На открытом Васечкином лице читалась мучительная борьба. Суворова была выше курсанта. По росту ему подошла бы Ломакина. Но Ломакина была одета побледней, а Васечку тянуло к ярким краскам.
В конце концов победила оранжевая юбка суворовской сестры-фотомодели. Васечкины глаза, блуждавшие в разных направлениях, согласованно уставились на Суворову. Глядя на нее как загипнотизированный, он достал зажигалку и высек огонек.
И тогда Суворова исполнила свой коронный номер. Языком перегнала сигаретку в другой угол рта, уводя ее от протянутого Васечкой огня, и показала на свой значок «Фигли пялишься?». А Ломакина, понятно, ознакомила курсанта с надписью «Отвали!».
– Мэ вас ждэм! – поторопила Блинкова-млад-шего с Иркой Суворова, и подружки гордо отчалили.
– Облом-с! – прокомментировал Васечкино неудавшееся знакомство старшина-четверокурсник. – Васька, у меня племянница в старшей группе детского сада. Хочешь, познакомлю?
Курсанты засмеялись.
– Ничего вы не понимаете! – порозовел Васечка. – Невесту надо заводить в нежном возрасте и выращивать на свой вкус!
Ирка потянула Блинкова-младшего за руку, и они ушли.
– А тебя он тоже хотел завести в нежном возрасте, как черепаху? – спросил Блинков-младший.
– Хотел, да я не хотела, – беззаботно ответила Ирка. – Просто мне нравилось, что взрослый парень обращает на меня внимание. Женщинам нужно, чтобы в них время от времени кто-нибудь влюблялся. Пусть даже такой обалдуй, как Васечка. Но это было полгода назад, Митек. Можешь плюнуть и забыть – Васечка не в моем вкусе.
Блинков-младший не стал спрашивать, кто в ее вкусе. Что бы Ирка ни думала на самом деле, она бы никогда не ответила «Ты».
Ломакину и Суворову они нагнали у тира. Там можно было заплатить за каждый выстрел подороже и стрелять не просто так, а на приз. Ломакина, у которой папа был охотник и учил ее стрелять из настоящей «Сайги», выиграла банку «Фанты». А практичная Суворова сообразила, что тирщик ее надул. Если бы Ломакина просто купила банку «Фанты» и постреляла, это обошлось бы дешевле, чем пять дорогих выстрелов на приз.
Все вместе прикинули стоимость призов. Экономическая выгода начиналась с пятнадцати попаданий – за них победителю причиталась мягкая игрушка.

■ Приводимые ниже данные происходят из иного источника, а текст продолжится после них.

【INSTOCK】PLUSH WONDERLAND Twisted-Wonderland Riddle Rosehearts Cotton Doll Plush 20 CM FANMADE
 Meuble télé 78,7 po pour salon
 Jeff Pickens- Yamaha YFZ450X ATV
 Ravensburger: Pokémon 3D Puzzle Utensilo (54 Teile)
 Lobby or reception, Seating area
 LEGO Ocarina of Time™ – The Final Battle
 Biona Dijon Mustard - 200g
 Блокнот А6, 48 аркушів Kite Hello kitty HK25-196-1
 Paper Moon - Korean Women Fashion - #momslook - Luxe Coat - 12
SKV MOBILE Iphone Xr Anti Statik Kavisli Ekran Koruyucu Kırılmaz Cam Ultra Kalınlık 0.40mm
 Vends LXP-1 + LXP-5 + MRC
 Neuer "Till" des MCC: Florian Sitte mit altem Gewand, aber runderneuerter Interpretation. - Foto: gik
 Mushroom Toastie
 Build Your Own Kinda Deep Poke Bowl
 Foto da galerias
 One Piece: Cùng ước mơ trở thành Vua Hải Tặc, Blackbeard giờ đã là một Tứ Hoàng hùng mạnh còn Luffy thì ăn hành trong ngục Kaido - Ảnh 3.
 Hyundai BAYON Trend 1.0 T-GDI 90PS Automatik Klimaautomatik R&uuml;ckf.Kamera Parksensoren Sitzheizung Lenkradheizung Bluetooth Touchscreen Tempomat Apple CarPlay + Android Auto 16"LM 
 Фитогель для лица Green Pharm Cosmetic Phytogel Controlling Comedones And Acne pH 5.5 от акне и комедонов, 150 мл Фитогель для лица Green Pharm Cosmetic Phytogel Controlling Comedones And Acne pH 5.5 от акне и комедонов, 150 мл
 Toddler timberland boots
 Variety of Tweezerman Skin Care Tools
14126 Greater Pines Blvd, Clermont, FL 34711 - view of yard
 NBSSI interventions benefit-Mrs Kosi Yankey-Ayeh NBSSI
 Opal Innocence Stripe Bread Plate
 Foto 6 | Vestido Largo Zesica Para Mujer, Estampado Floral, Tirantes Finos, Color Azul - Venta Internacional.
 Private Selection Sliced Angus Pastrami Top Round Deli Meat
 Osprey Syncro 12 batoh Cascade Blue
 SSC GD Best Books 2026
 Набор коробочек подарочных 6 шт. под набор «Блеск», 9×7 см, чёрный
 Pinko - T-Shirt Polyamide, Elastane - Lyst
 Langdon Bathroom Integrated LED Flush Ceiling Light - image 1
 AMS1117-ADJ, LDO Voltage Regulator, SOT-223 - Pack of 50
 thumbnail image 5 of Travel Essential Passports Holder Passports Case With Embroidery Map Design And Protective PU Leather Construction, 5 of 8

А если выбить главный приз, то получится десятикратная прибыль. Тратишь сто рублей на пятьдесят призовых пулек – и получаешь огромного слона, который стоит никак не меньше тысячи.
Пока они занимались подсчетами, маленькая девчонка притащила к тиру отца, десантного капитана. Она хотела слона. А капитан хотел провести выходной в парке. Из дочкиного нытья и его возражений стало ясно, что деньги у капитана последние, и после стрельбы им придется ехать домой со слоном или без него.